Understanding Chunks

DataSift's massively parallel architecture allows us to divide a Historics query into a collection of smaller tasks and run them simultaneously to give you the highest performance possible. Each of these smaller tasks acts on a "chunk" of data.

A chunk is defined by a unit of time. For instance, it might be from midnight to the following midnight. In this case, if you create a Historics query that begins at 4pm on one day and ends at 10am the following day, it will run for 8 hours in one chunk and 10 hours in another.

Let's look at another example. Suppose you write CSDL code to look for mentions of a new beverage, Data Cola:

twitter.text contains "Data Cola"

and you want to run that from January 1, 2012 to Jan 31, 2012.

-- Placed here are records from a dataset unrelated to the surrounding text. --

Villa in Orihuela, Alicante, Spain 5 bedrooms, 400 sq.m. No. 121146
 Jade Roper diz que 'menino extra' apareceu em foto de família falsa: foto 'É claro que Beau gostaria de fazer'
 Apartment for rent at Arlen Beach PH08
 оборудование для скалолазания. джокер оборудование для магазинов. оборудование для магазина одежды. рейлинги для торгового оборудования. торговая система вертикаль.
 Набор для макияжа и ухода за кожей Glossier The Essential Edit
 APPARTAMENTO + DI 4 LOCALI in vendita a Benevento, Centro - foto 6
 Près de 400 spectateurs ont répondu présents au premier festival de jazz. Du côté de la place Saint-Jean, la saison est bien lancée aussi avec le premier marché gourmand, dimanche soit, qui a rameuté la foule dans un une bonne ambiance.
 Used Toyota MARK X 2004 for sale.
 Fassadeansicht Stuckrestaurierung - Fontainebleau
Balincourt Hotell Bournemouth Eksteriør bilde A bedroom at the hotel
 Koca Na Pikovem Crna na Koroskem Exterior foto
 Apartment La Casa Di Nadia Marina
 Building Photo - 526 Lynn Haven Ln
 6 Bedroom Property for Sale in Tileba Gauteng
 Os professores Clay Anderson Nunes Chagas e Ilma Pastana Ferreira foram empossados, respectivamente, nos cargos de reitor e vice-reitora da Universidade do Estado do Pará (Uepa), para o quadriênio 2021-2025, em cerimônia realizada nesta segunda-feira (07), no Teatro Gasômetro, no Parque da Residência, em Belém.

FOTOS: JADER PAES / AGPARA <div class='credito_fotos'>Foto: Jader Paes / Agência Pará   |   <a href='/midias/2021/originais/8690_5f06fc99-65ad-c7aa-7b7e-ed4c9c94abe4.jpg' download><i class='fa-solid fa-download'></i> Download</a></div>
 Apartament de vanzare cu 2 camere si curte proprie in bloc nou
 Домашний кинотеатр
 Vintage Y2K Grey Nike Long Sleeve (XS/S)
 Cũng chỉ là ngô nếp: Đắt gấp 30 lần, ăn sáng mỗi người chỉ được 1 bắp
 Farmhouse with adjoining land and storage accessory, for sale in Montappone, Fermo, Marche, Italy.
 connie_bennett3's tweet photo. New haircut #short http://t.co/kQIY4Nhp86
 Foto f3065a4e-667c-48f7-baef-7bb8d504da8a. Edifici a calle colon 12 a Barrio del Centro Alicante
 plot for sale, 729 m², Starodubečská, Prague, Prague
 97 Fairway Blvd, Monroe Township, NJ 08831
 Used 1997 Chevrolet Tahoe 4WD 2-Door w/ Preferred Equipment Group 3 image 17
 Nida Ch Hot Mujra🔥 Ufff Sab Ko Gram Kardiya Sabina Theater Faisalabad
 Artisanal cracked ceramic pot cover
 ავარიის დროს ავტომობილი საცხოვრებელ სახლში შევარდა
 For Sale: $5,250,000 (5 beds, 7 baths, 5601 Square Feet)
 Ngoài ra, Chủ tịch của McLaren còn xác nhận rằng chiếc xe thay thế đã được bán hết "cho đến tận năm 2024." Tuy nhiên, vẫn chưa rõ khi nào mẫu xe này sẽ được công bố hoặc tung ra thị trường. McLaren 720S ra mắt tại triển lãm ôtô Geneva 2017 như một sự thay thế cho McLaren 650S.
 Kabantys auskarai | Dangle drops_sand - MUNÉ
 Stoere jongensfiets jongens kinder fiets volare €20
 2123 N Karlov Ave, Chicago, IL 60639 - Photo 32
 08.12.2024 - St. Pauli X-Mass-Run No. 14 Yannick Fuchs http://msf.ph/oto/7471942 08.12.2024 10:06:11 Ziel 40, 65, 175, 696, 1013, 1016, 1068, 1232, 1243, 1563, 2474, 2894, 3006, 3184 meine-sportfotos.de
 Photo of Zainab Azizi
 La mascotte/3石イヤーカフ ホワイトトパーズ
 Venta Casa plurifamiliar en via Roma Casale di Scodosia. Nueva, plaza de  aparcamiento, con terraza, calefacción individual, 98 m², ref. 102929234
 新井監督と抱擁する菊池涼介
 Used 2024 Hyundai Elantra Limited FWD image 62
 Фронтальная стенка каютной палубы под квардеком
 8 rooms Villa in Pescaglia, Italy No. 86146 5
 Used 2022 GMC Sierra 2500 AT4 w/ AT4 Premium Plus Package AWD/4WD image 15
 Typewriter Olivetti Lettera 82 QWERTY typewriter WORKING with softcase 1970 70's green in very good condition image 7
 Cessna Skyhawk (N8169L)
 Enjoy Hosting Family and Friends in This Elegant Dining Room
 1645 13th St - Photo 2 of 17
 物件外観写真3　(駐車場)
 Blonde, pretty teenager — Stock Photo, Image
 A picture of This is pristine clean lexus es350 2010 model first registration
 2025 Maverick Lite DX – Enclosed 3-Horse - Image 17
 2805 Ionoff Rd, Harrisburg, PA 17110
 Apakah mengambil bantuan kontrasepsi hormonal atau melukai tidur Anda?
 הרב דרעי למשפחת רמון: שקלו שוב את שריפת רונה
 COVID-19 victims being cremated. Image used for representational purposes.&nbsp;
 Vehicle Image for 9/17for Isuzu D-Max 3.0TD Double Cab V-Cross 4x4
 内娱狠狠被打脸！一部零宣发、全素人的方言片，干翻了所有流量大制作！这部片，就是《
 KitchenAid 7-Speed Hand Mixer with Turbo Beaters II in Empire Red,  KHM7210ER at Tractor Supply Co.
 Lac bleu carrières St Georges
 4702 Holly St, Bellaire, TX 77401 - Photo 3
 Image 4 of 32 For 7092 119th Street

You send that CSDL to the /historics/prepare endpoint and you create a Historics query that begins at one second past midnight on January 1 and ends at midnight on January 31. If the chunk size is one day, DataSift will create 31 chunks and process one entire day of your query in each chunk.

Each of these 31 tasks runs in parallel, so DataSift delivers the data from each day as soon as DataSift finds it. As a consequence, the sequence in which it reaches you is not chronological.

To determine the progress of a parallel Historics query, hit the /historics/get endpoint and specify the Historics id of your Historics query (the id that you received when you hit the /historics/prepare endpoint. You can call the historics/get endpoint without specifying a Historics id but, if you do, it will not return information about chunks.